MUCH to the relief of commuters, some Sikh organisations — which have been blocking most of Punjab’s roads since October 13 — have finally decided to lift their indefinite dharnas except at Bargari village in Kotakpura, where the torn pages of the Guru Granth Sahib were found.
In the remaining districts, the agitation will be replaced by three-hour dharnas at one road till October 25, when the Bhog ceremony will be held for the two victims of police firing.
The Sikh bodies have, however, handed the Punjab government an ultimatum to nab those responsible for the sacrilege of the Guru Granth Sahib at various places in the state, before October 25.
Sikh preachers, Panthpreet Singh and Ranjit Singh Dhadrianwale, and former Akal Takht jathedar Giani Kewal Singh made the announcement at Bathinda on Saturday evening. They are the key faces behind the protests.
Panthpreet Singh said the dharnas will now be held between 10 am and 1 pm and the venue will be picked by local heads of the Sikh organisations.

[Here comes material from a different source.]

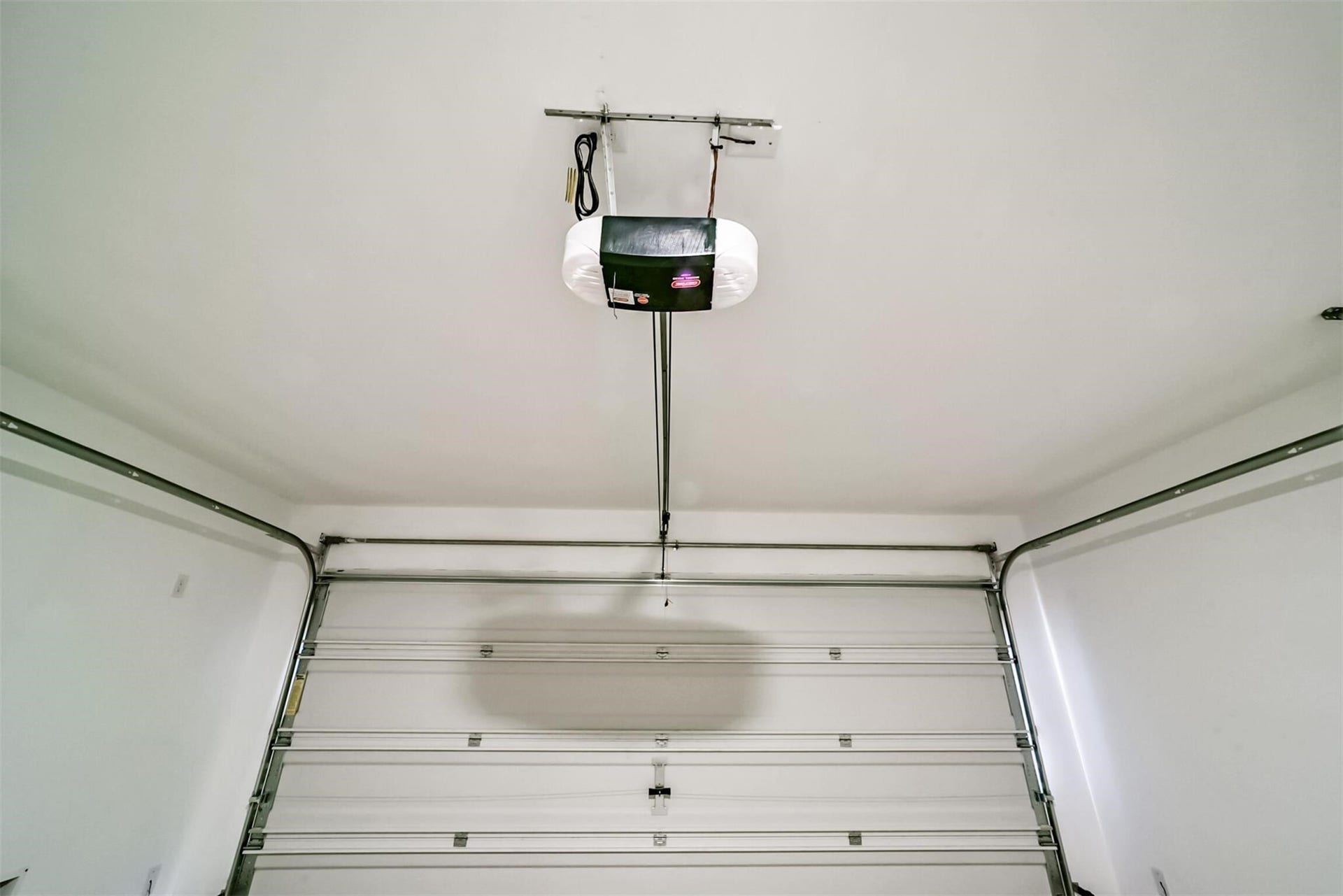 Great sized two-car garage offering plenty of parking and storage space, equipped with an automatic garage door opener.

He added that the decision to lift the indefinite dharnas was taken in ‘larger public interest’.
“Messages have been floated to supporters across the state to clear the roads which they will do once it reaches them,” Panthpreet said.
SGPC calls for ‘vigilante’ squads
The SGPC, meanwhile, is planning to set up vigilante squads for gurdwaras in the villages with the help of panchayats to prevent incidents of desecration of the holy text. “We are mulling having vigilante squads with the help of villagers and gurdwara committee members. SGPC would offer financial assistance required for such a task force,” said SGPC president Avtar Singh Makkar. SGPC, meanwhile, has directed its members to direct local gurdwara committees for round-the-clock vigil in gurdwaras.
The proposal found an an echo in the Malwa districts, where the district administrations have ordered panchayats to step up security at religious places by forming vigilante teams comprising local youth.